For the entries that follow, retype exactly the lines from the one containing "border collie cachorro" to the one containing "Little Pet Close", inclusive, and only those. Images stay out of the copy.
==== INPUT
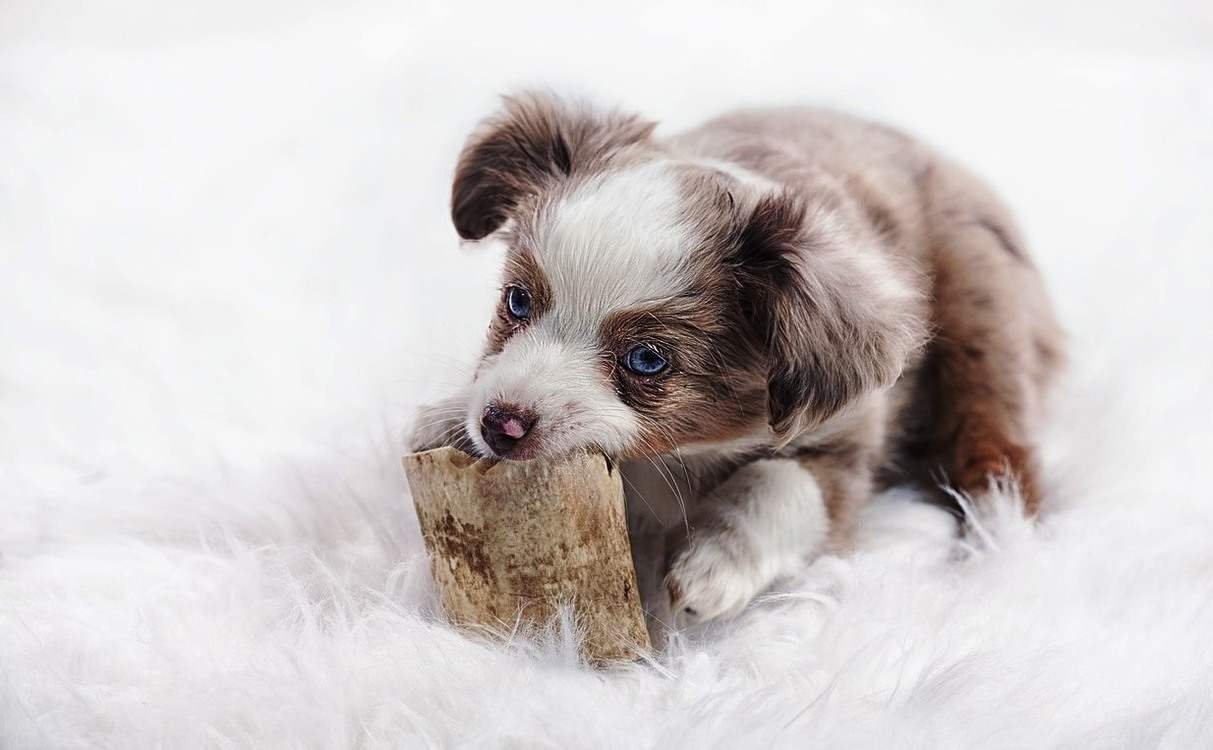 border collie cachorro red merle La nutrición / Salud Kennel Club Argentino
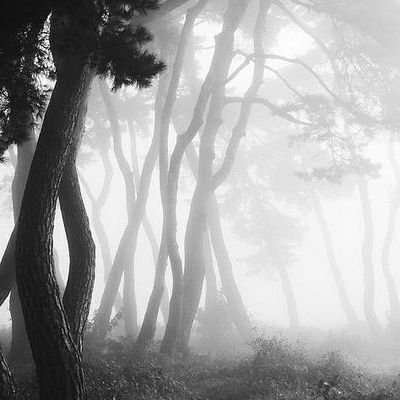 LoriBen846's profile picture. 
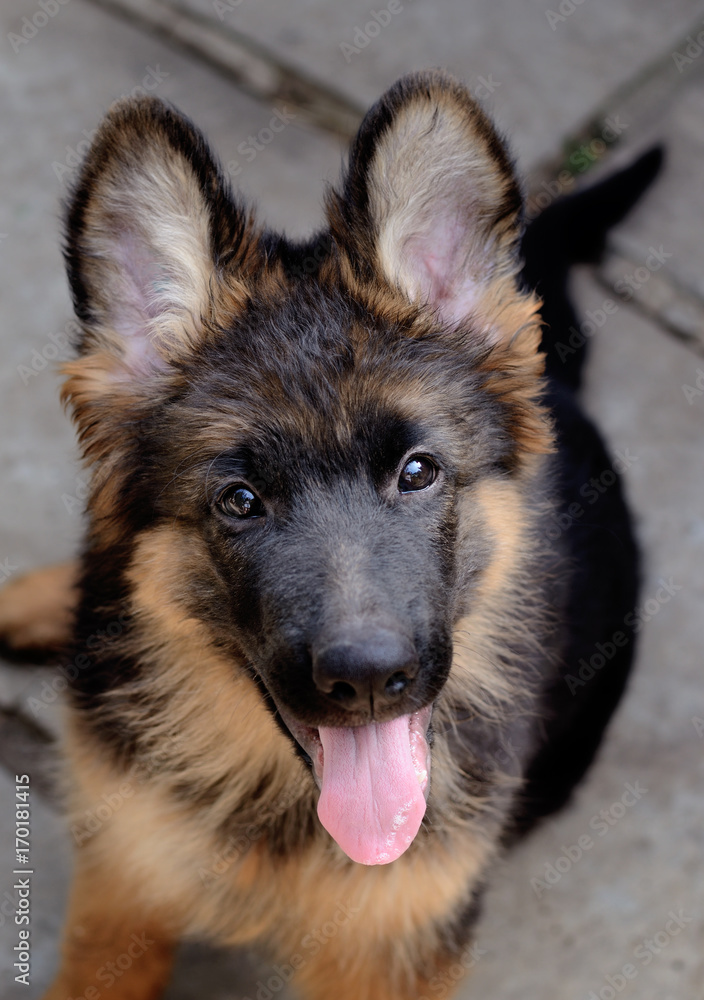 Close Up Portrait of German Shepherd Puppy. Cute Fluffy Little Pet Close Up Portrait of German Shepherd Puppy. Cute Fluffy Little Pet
========
==== INPUT
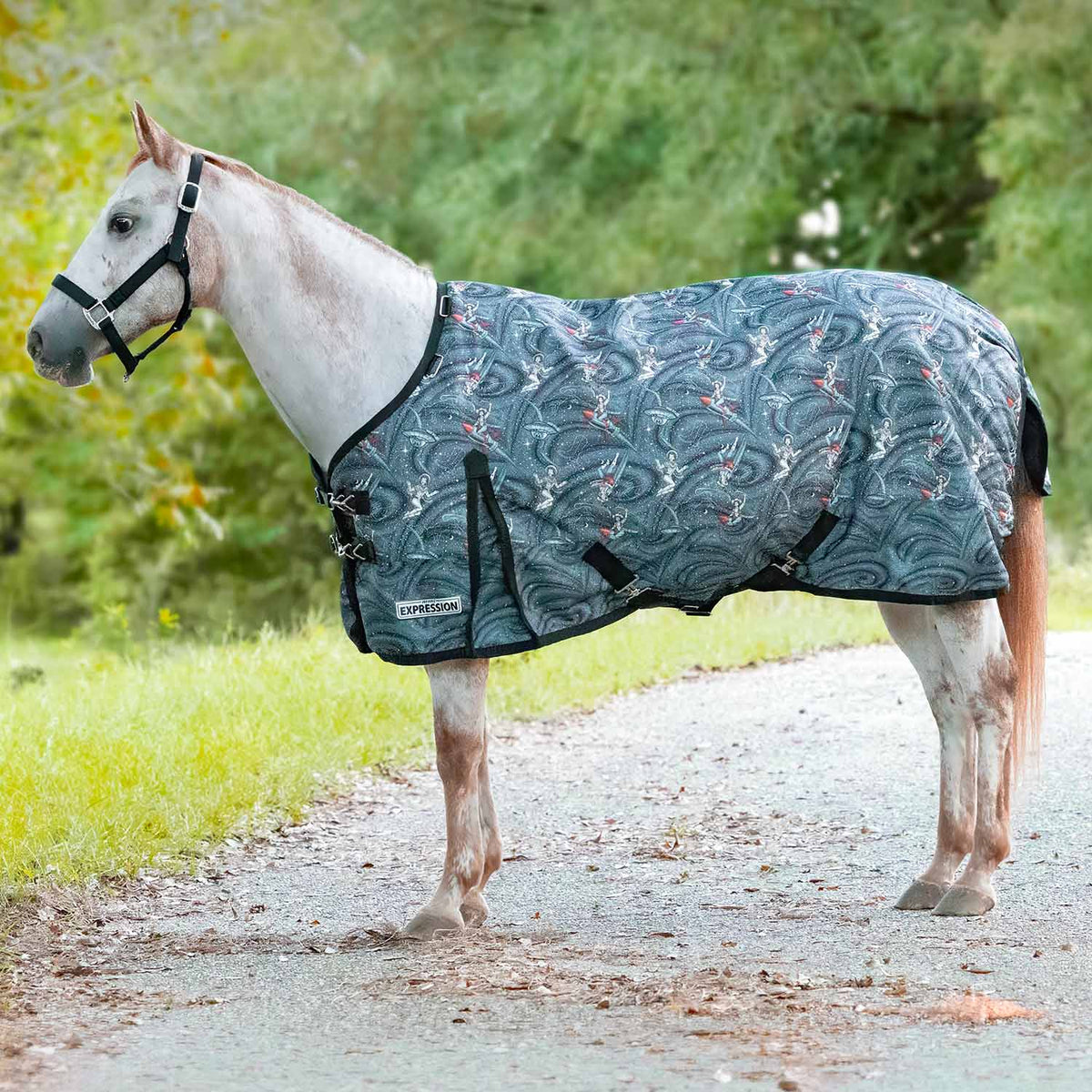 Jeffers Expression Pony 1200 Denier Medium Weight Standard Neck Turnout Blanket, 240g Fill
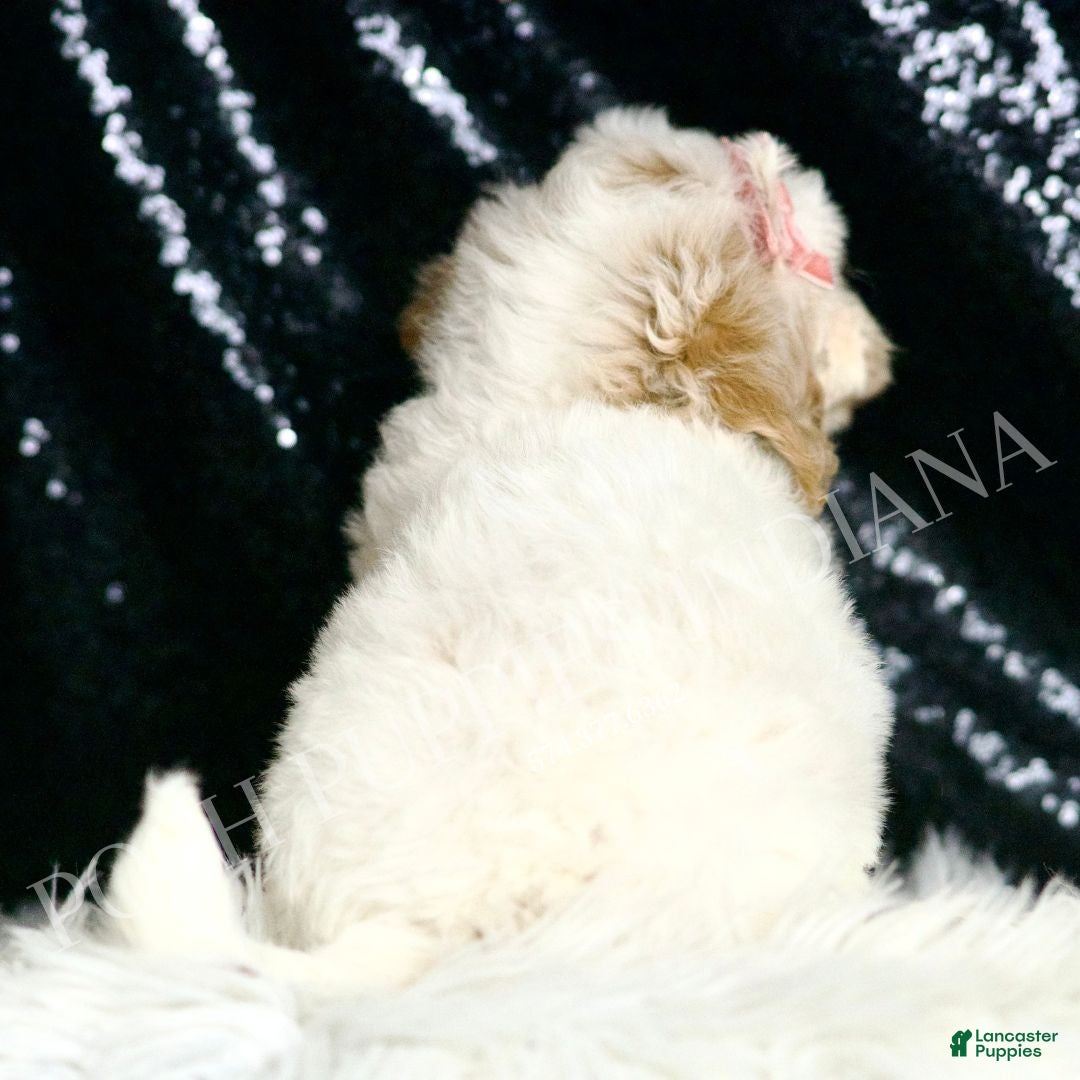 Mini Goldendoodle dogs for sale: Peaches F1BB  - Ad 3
========
==== INPUT
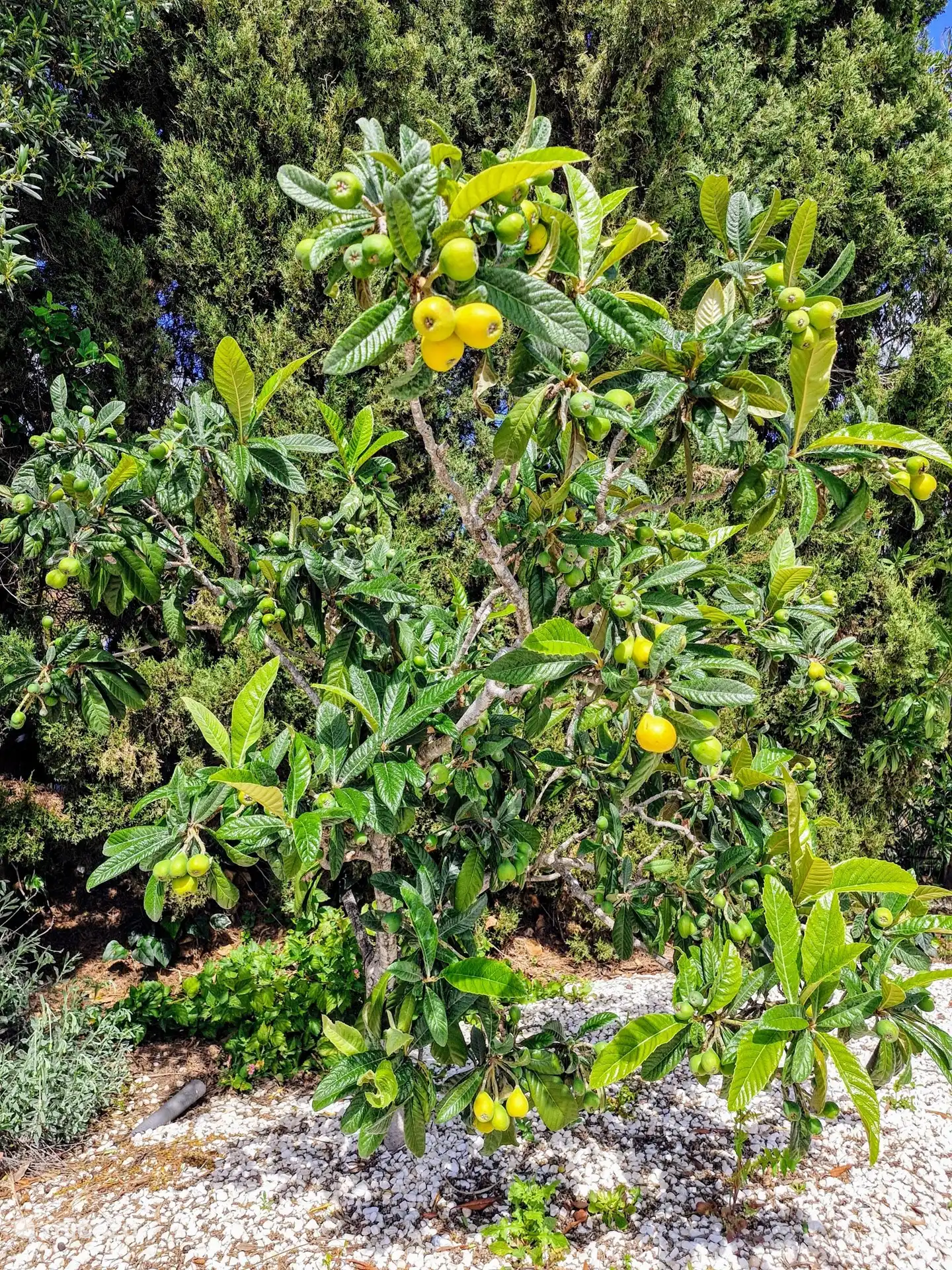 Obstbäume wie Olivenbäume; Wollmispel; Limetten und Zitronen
========
* COMPLETED TASK
 border collie cachorro red merle La nutrición / Salud Kennel Club Argentino
 LoriBen846's profile picture. 
 Close Up Portrait of German Shepherd Puppy. Cute Fluffy Little Pet Close Up Portrait of German Shepherd Puppy. Cute Fluffy Little Pet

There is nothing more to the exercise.